> _Exercise requirements_
The expected output is the line bearing "ARMANDO ALUDCÍN PROHÍBE: NUNCA" followed by all remaining lines of the records, each restated word for word.

***** Records supplied

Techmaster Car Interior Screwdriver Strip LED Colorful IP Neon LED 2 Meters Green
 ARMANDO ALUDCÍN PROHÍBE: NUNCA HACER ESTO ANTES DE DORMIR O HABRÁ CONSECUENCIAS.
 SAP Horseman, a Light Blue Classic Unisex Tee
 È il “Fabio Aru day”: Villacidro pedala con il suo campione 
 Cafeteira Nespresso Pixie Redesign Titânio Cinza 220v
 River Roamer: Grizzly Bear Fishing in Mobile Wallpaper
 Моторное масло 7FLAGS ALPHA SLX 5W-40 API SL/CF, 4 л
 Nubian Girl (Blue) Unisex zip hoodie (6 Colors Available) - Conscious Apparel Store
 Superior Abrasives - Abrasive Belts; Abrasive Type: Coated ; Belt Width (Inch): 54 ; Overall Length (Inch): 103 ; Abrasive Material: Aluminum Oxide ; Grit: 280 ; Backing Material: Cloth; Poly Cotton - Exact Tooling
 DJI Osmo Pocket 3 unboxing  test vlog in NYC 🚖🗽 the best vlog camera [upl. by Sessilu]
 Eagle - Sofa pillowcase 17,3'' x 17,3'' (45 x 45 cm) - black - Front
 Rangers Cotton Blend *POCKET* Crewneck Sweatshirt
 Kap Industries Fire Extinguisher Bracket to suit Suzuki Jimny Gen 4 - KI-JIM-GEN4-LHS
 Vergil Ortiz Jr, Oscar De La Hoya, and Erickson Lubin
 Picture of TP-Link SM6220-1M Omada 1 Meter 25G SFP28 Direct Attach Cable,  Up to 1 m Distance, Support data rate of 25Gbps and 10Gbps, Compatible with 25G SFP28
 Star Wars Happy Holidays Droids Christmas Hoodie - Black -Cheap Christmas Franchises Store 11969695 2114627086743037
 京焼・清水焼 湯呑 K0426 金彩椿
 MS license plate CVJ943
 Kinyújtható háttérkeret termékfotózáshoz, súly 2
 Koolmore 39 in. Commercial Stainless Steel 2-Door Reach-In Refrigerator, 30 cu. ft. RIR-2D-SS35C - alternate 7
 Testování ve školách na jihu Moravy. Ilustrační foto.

**********

> _Task output_
 ARMANDO ALUDCÍN PROHÍBE: NUNCA HACER ESTO ANTES DE DORMIR O HABRÁ CONSECUENCIAS.
 SAP Horseman, a Light Blue Classic Unisex Tee
 È il “Fabio Aru day”: Villacidro pedala con il suo campione 
 Cafeteira Nespresso Pixie Redesign Titânio Cinza 220v
 River Roamer: Grizzly Bear Fishing in Mobile Wallpaper
 Моторное масло 7FLAGS ALPHA SLX 5W-40 API SL/CF, 4 л
 Nubian Girl (Blue) Unisex zip hoodie (6 Colors Available) - Conscious Apparel Store
 Superior Abrasives - Abrasive Belts; Abrasive Type: Coated ; Belt Width (Inch): 54 ; Overall Length (Inch): 103 ; Abrasive Material: Aluminum Oxide ; Grit: 280 ; Backing Material: Cloth; Poly Cotton - Exact Tooling
 DJI Osmo Pocket 3 unboxing  test vlog in NYC 🚖🗽 the best vlog camera [upl. by Sessilu]
 Eagle - Sofa pillowcase 17,3'' x 17,3'' (45 x 45 cm) - black - Front
 Rangers Cotton Blend *POCKET* Crewneck Sweatshirt
 Kap Industries Fire Extinguisher Bracket to suit Suzuki Jimny Gen 4 - KI-JIM-GEN4-LHS
 Vergil Ortiz Jr, Oscar De La Hoya, and Erickson Lubin
 Picture of TP-Link SM6220-1M Omada 1 Meter 25G SFP28 Direct Attach Cable,  Up to 1 m Distance, Support data rate of 25Gbps and 10Gbps, Compatible with 25G SFP28
 Star Wars Happy Holidays Droids Christmas Hoodie - Black -Cheap Christmas Franchises Store 11969695 2114627086743037
 京焼・清水焼 湯呑 K0426 金彩椿
 MS license plate CVJ943
 Kinyújtható háttérkeret termékfotózáshoz, súly 2
 Koolmore 39 in. Commercial Stainless Steel 2-Door Reach-In Refrigerator, 30 cu. ft. RIR-2D-SS35C - alternate 7
 Testování ve školách na jihu Moravy. Ilustrační foto.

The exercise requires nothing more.